Entre las formas en las que se puede realizar una crítica a los representantes encontramos el ejercicio de la libertad de expresión o de manifestación. Estas libertades están reconocidas por los marcos legales de los denominados Estados de Derecho pero su ejercicio transciende cualquier reconocimiento por parte del derecho positivo y podemos constatar que se producen manifestaciones o expresiones de opinión más allá de la jurisdicción garantizada por los Estados, que por lo general niegan la garantía de esos derechos a los no ciudadanos (las personas sin papeles, que pueden ser detenidas simplemente por aparecer en el ámbito público) y en numerosas ocasiones también a los ciudadanos reconocidos como tales. Eso sí, esos ejercicios de libertad de expresión o de manifestación que se realizan al margen del derecho garantizado por un Estado conllevan muchos más riesgos: exposición a la violencia policial o militar, encarcelamiento…

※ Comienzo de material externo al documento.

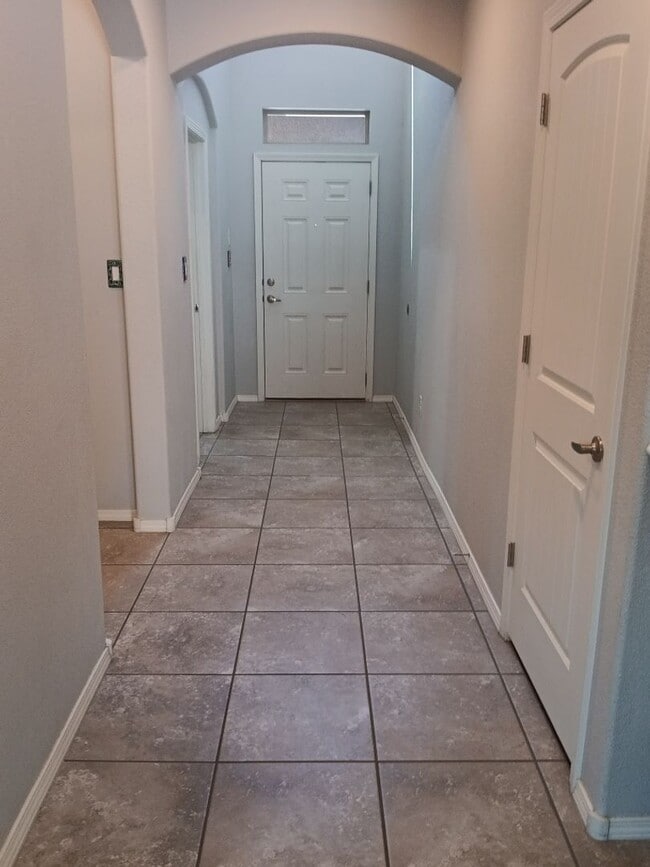 Building Photo - 5 Bedroom, 3 Bathroom Home! Schedule a Showing Today!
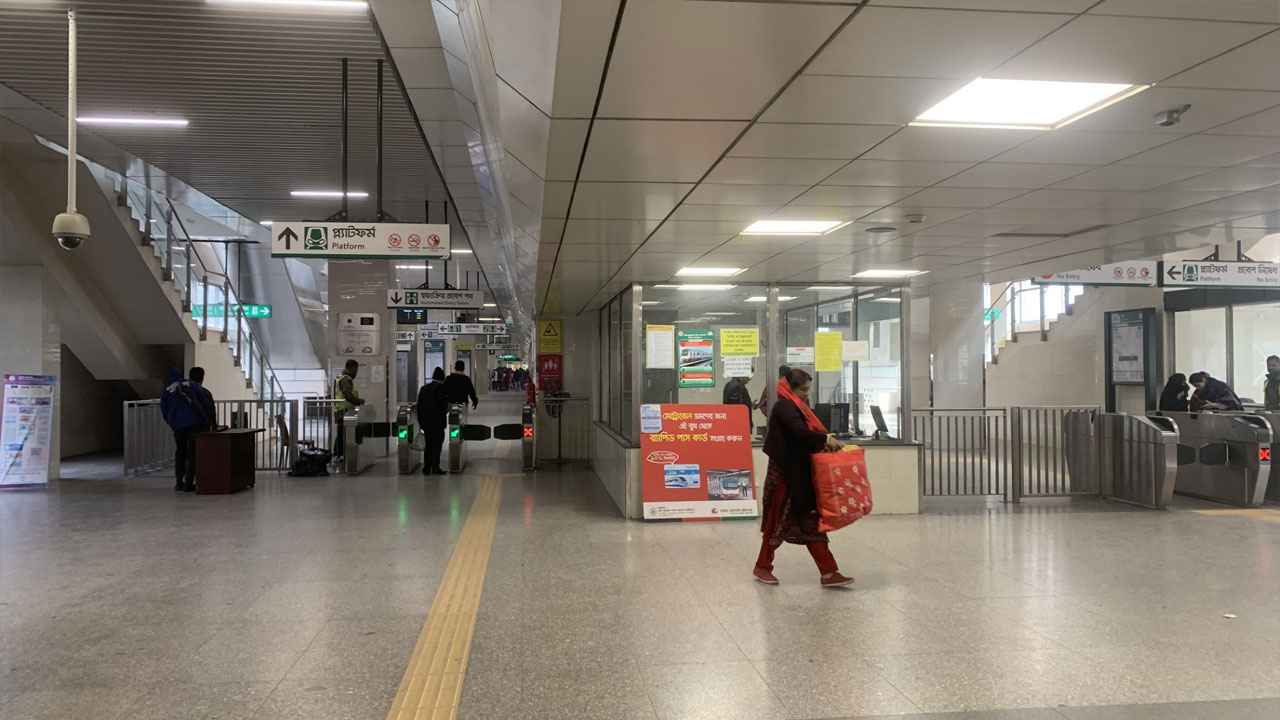 ব্যস্ত সময়ে যাত্রীশূন্য মেট্রোরেল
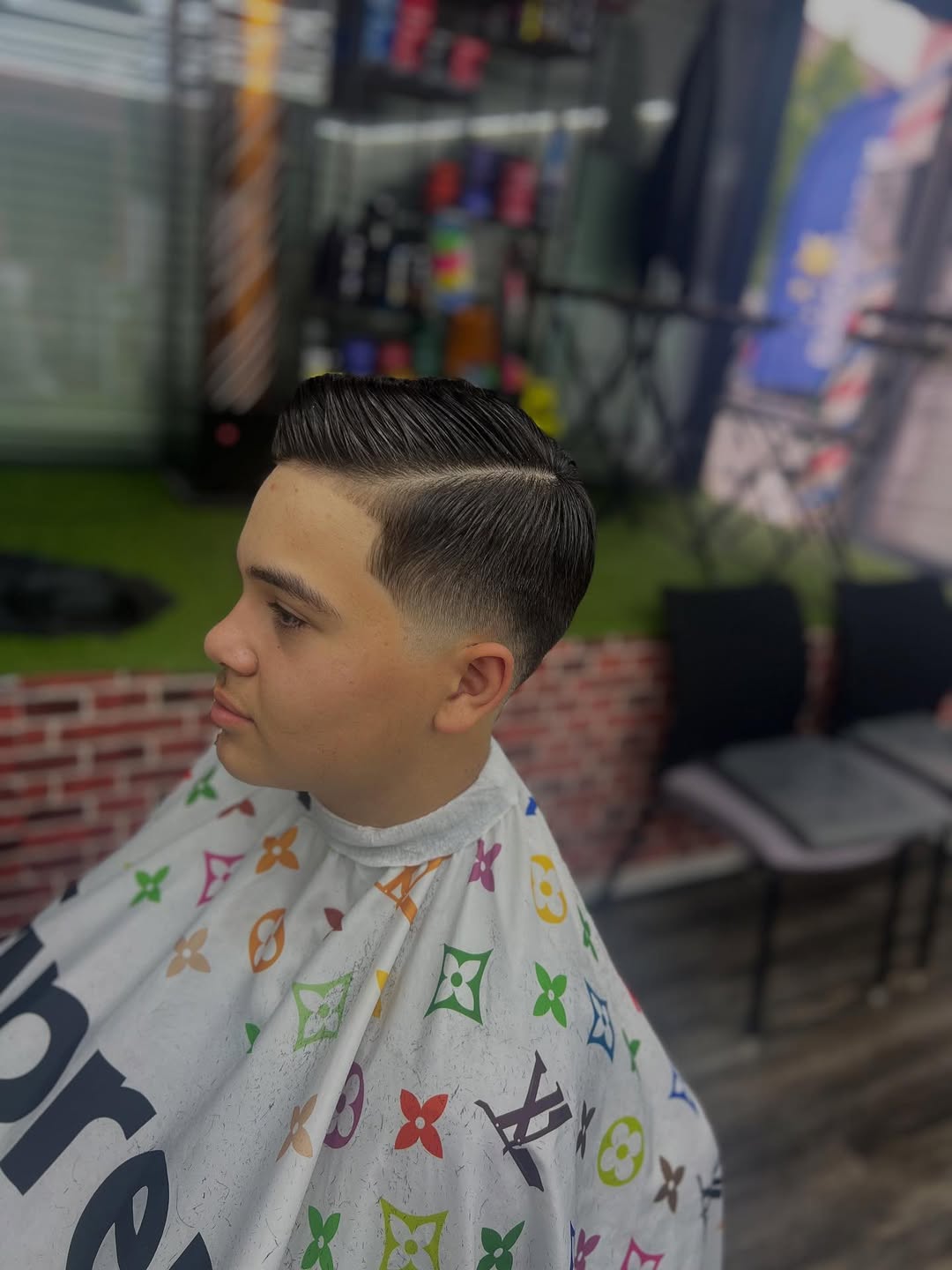 Coupe nette side part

El poder subversivo de la soberanía popular
Algunos teóricos manifiestan los peligros que supone introducir un derecho que contemple como legal la posibilidad de subvertir el orden jurídico. Si entendemos que los derechos a la libertad de expresión y de reunión se emparentan con el derecho de resistencia o de rebelión, nos podremos preguntar con Immanuel Kant si debemos permitir en el ámbito normativo un derecho que anularía la posibilidad del derecho mismo. Sin embargo, paradójicamente, cualquier ordenamiento jurídico que no contemple estos derechos nos parece ilegítimo e injusto.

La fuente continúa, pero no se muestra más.